▶ [Instructions for the task]:
For each record that follows, restate the text exactly and drop the pictures.

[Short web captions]
+ + +

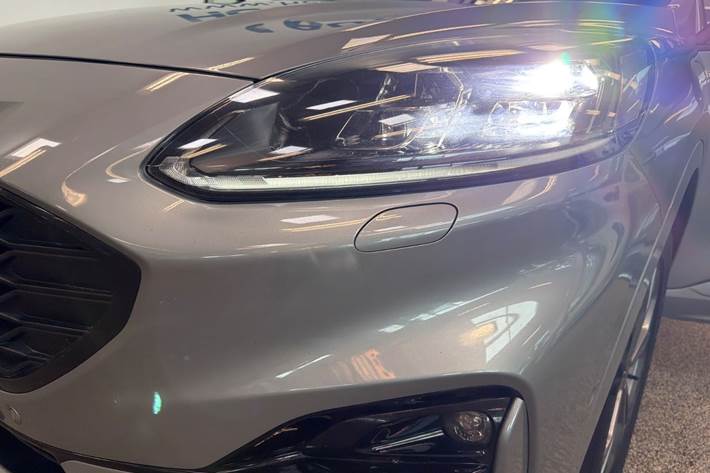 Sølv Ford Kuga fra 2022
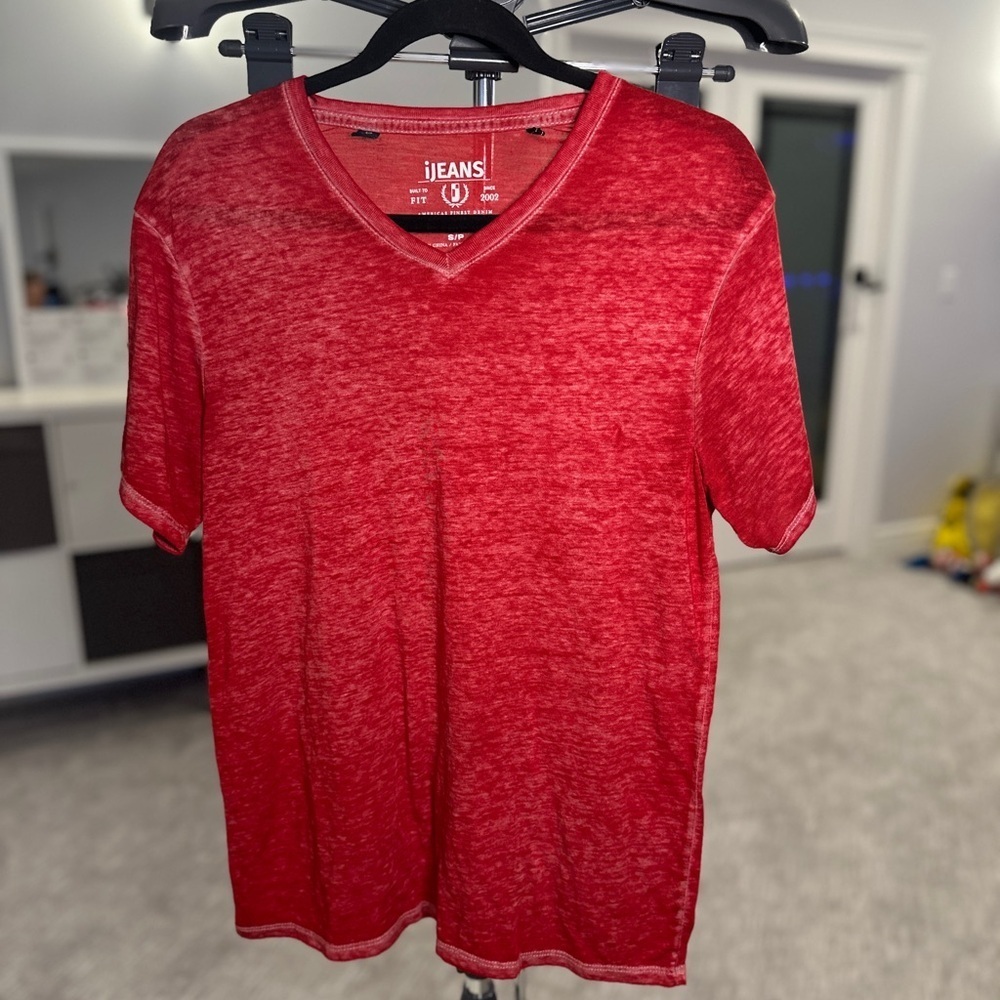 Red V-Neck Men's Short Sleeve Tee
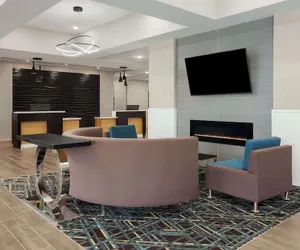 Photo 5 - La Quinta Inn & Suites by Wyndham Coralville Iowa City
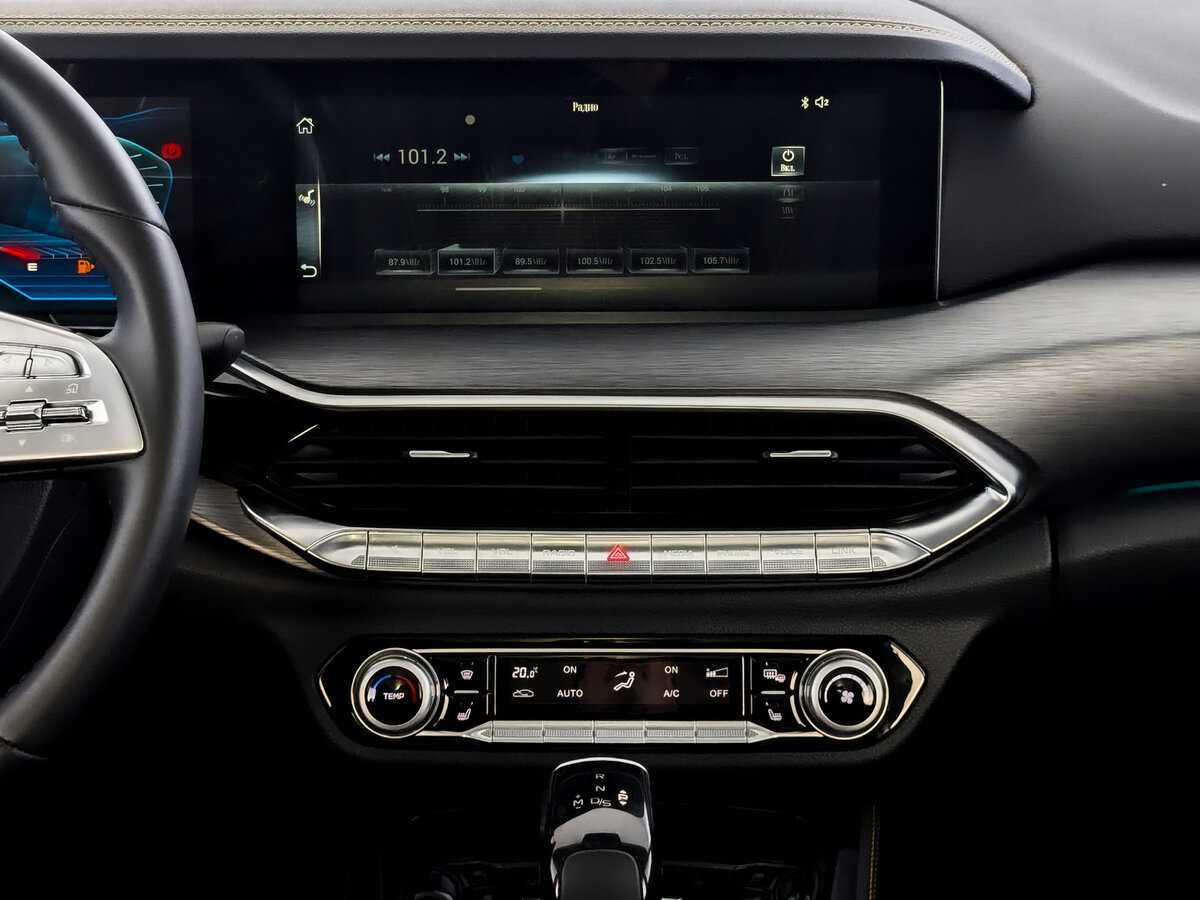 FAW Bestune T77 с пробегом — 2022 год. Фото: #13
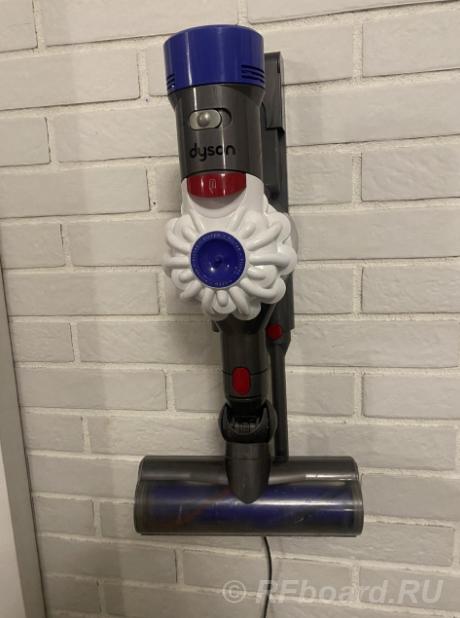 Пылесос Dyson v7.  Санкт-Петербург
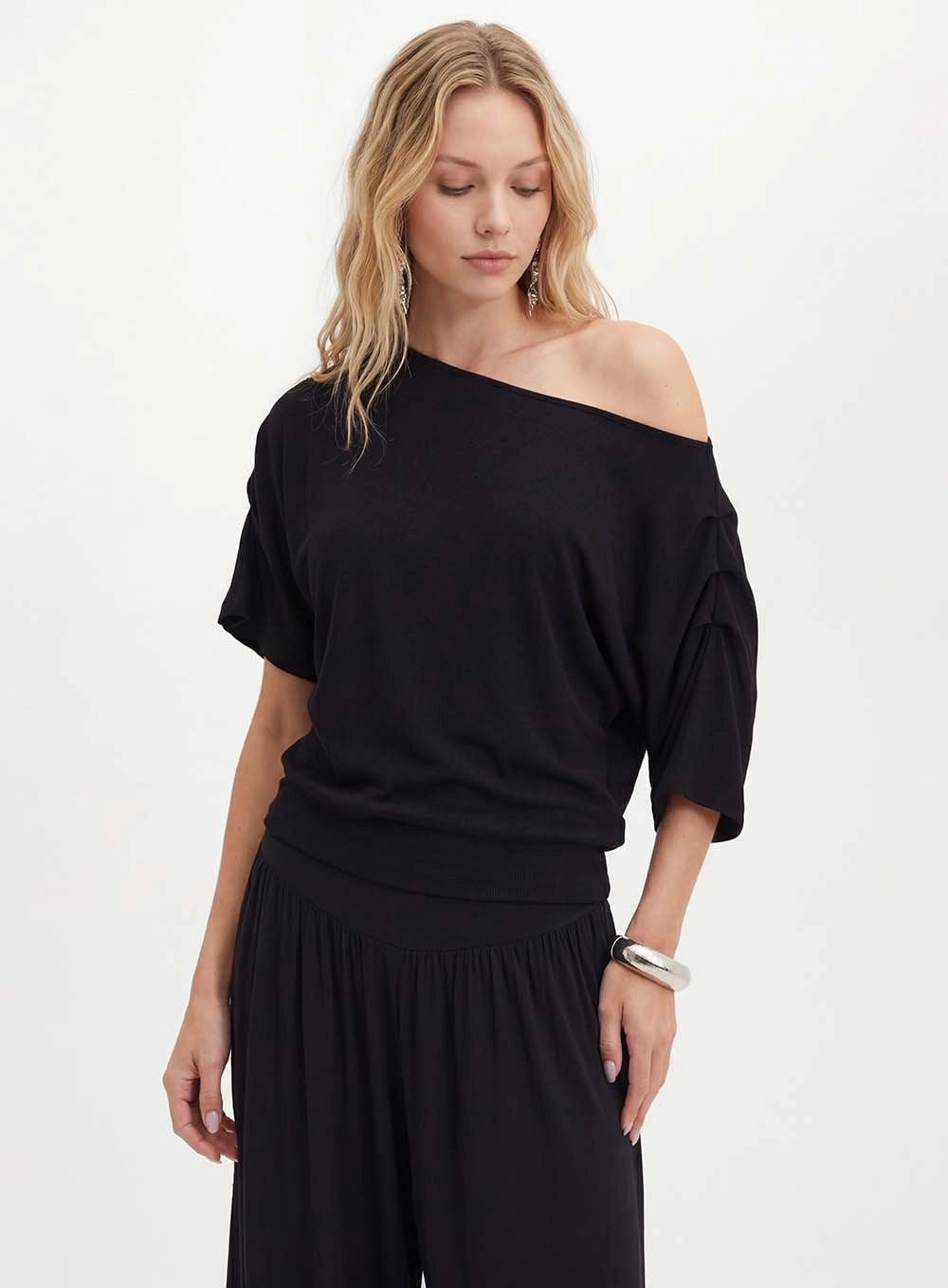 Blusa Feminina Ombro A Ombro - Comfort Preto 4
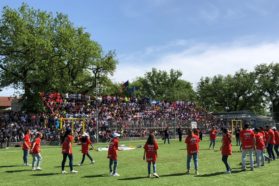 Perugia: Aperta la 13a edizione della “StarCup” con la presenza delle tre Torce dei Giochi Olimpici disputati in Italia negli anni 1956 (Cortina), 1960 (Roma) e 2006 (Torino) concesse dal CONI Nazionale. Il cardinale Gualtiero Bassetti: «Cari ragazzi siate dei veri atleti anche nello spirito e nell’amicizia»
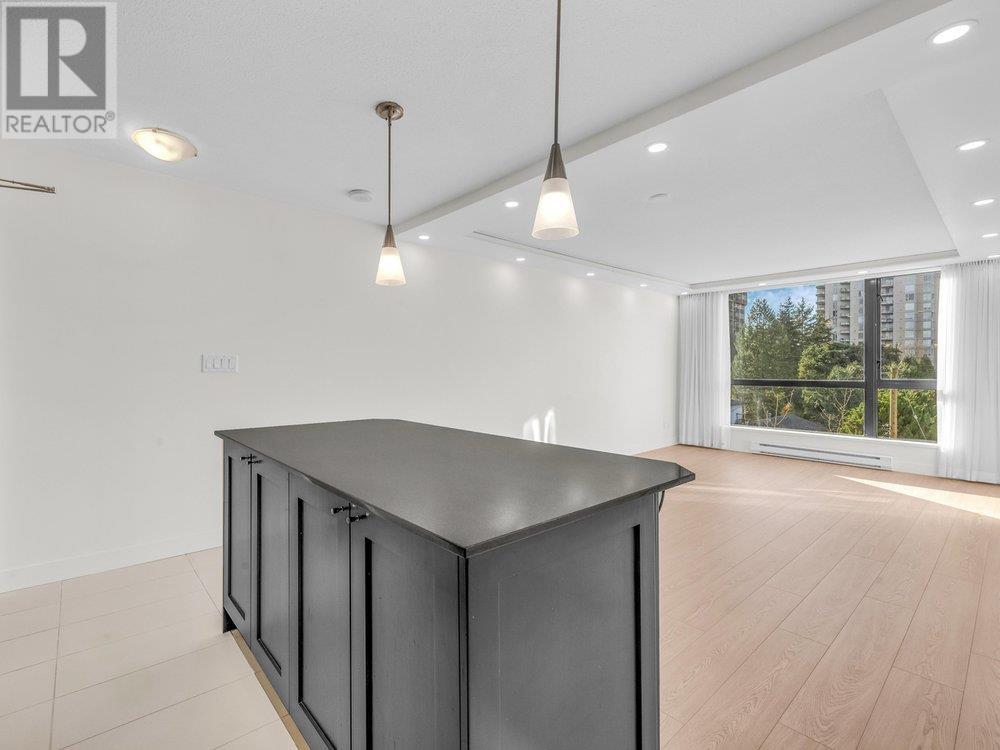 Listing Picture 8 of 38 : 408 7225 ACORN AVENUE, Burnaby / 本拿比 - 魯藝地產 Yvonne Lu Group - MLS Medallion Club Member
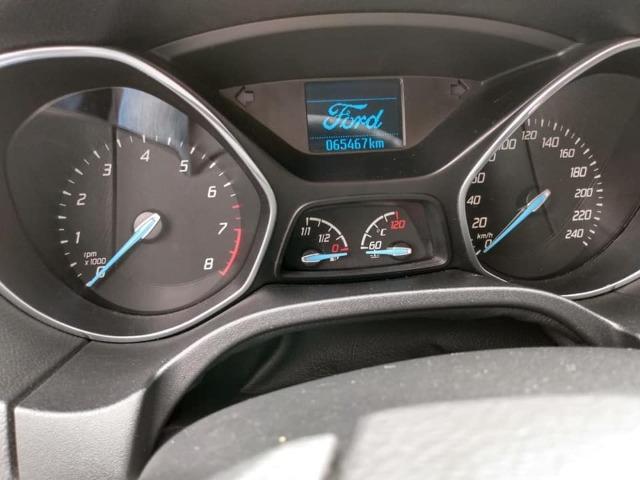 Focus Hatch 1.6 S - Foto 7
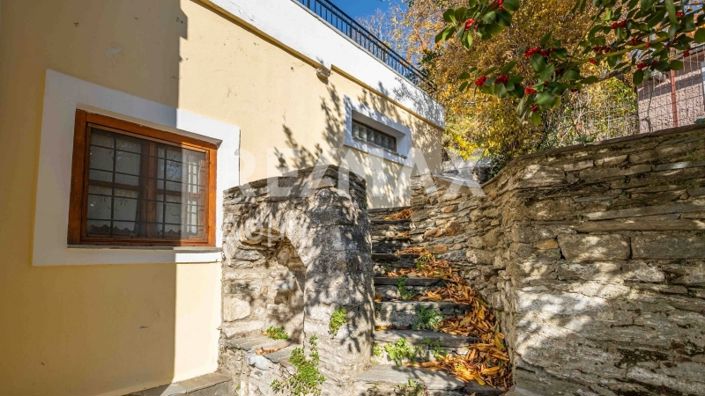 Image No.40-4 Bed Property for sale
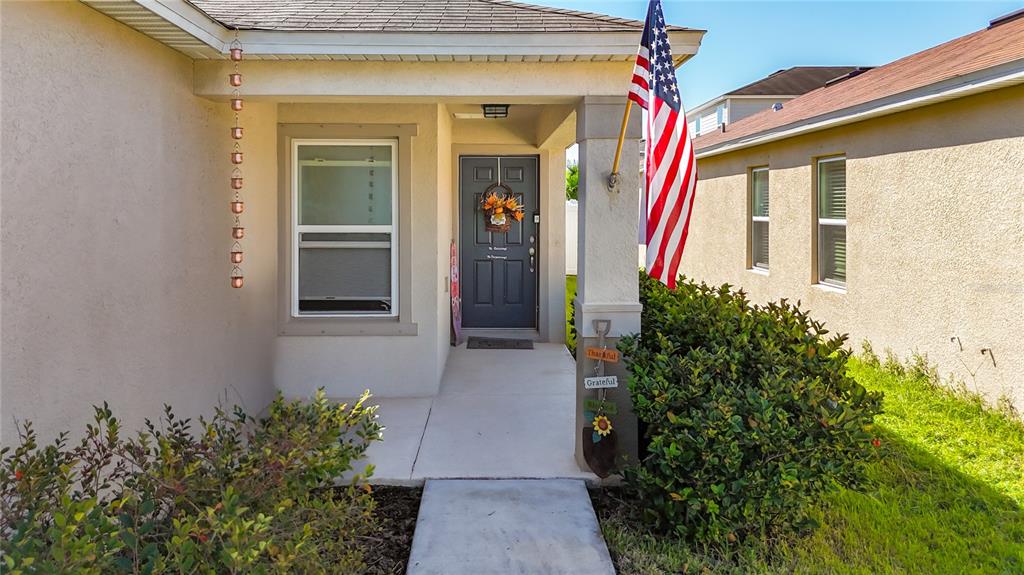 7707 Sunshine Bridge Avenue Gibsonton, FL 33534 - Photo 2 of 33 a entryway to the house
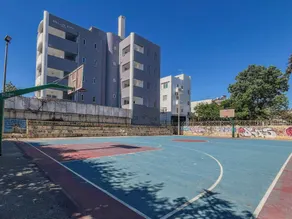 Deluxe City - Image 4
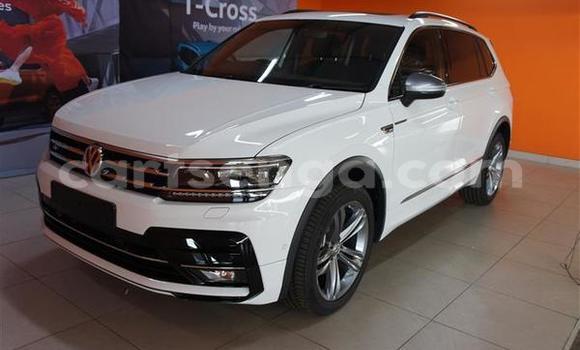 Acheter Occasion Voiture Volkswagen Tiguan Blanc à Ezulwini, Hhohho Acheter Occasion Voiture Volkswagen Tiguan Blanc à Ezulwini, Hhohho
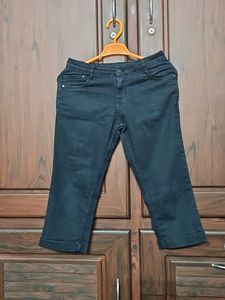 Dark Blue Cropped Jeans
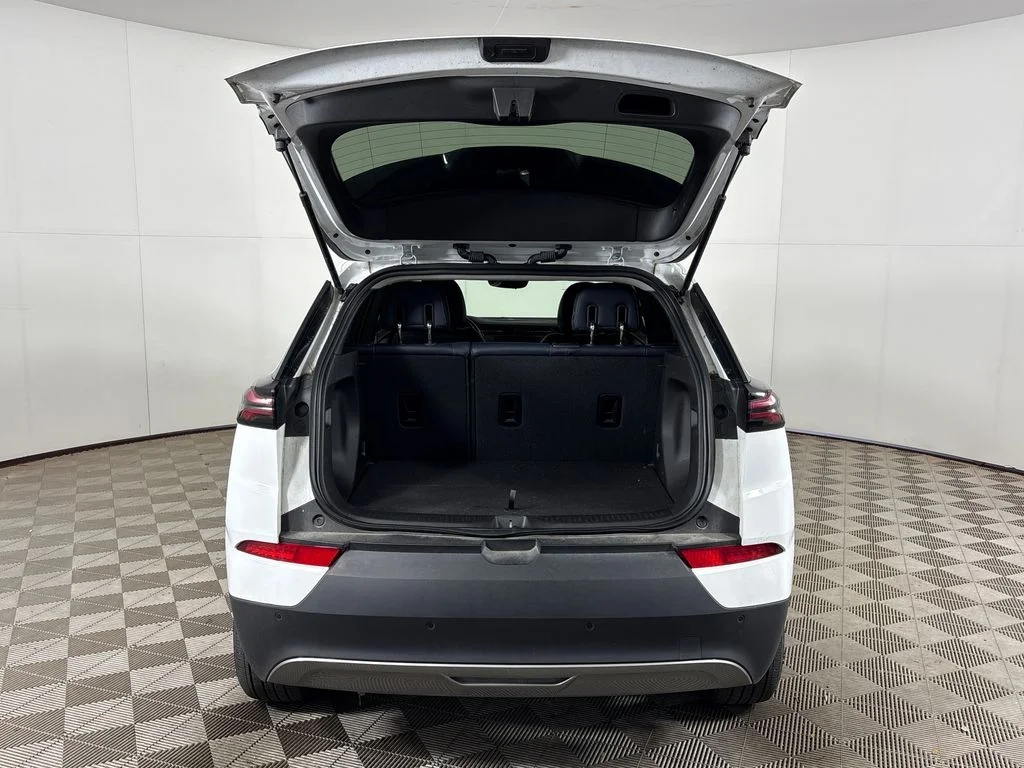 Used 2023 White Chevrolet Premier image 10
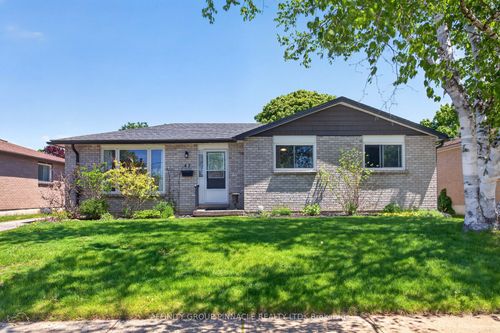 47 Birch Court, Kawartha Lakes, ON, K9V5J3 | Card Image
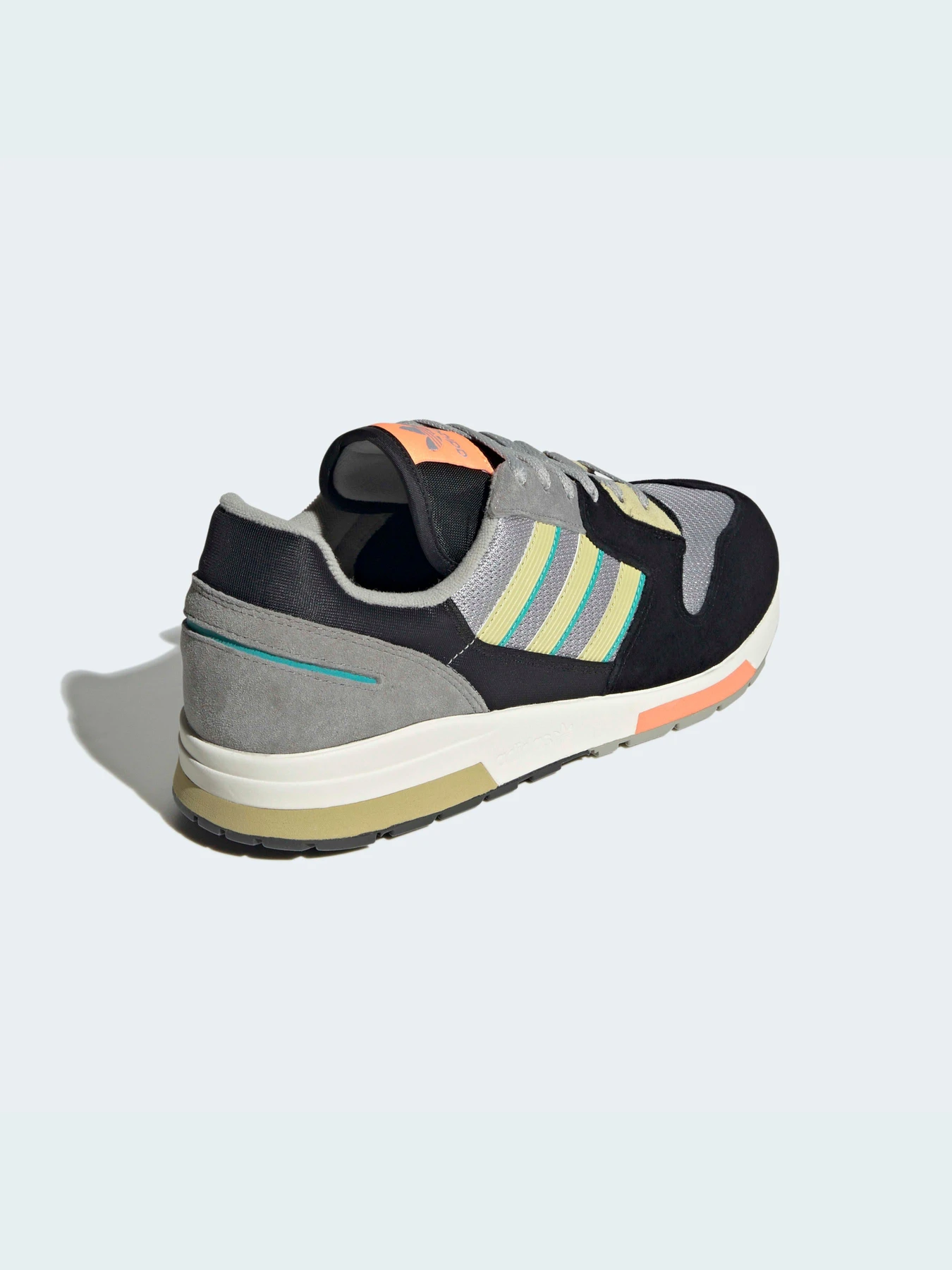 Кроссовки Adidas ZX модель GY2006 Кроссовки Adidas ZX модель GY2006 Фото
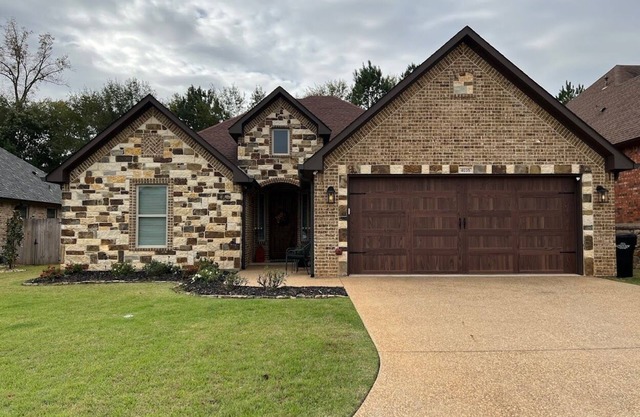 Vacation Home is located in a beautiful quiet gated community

+ + +

▶ [Response to the task]:
 Sølv Ford Kuga fra 2022
 Red V-Neck Men's Short Sleeve Tee
 Photo 5 - La Quinta Inn & Suites by Wyndham Coralville Iowa City
 FAW Bestune T77 с пробегом — 2022 год. Фото: #13
 Пылесос Dyson v7.  Санкт-Петербург
 Blusa Feminina Ombro A Ombro - Comfort Preto 4
 Perugia: Aperta la 13a edizione della “StarCup” con la presenza delle tre Torce dei Giochi Olimpici disputati in Italia negli anni 1956 (Cortina), 1960 (Roma) e 2006 (Torino) concesse dal CONI Nazionale. Il cardinale Gualtiero Bassetti: «Cari ragazzi siate dei veri atleti anche nello spirito e nell’amicizia»
 Listing Picture 8 of 38 : 408 7225 ACORN AVENUE, Burnaby / 本拿比 - 魯藝地產 Yvonne Lu Group - MLS Medallion Club Member
 Focus Hatch 1.6 S - Foto 7
 Image No.40-4 Bed Property for sale
 7707 Sunshine Bridge Avenue Gibsonton, FL 33534 - Photo 2 of 33 a entryway to the house
 Deluxe City - Image 4
 Acheter Occasion Voiture Volkswagen Tiguan Blanc à Ezulwini, Hhohho Acheter Occasion Voiture Volkswagen Tiguan Blanc à Ezulwini, Hhohho
 Dark Blue Cropped Jeans
 Used 2023 White Chevrolet Premier image 10
 47 Birch Court, Kawartha Lakes, ON, K9V5J3 | Card Image
 Кроссовки Adidas ZX модель GY2006 Кроссовки Adidas ZX модель GY2006 Фото
 Vacation Home is located in a beautiful quiet gated community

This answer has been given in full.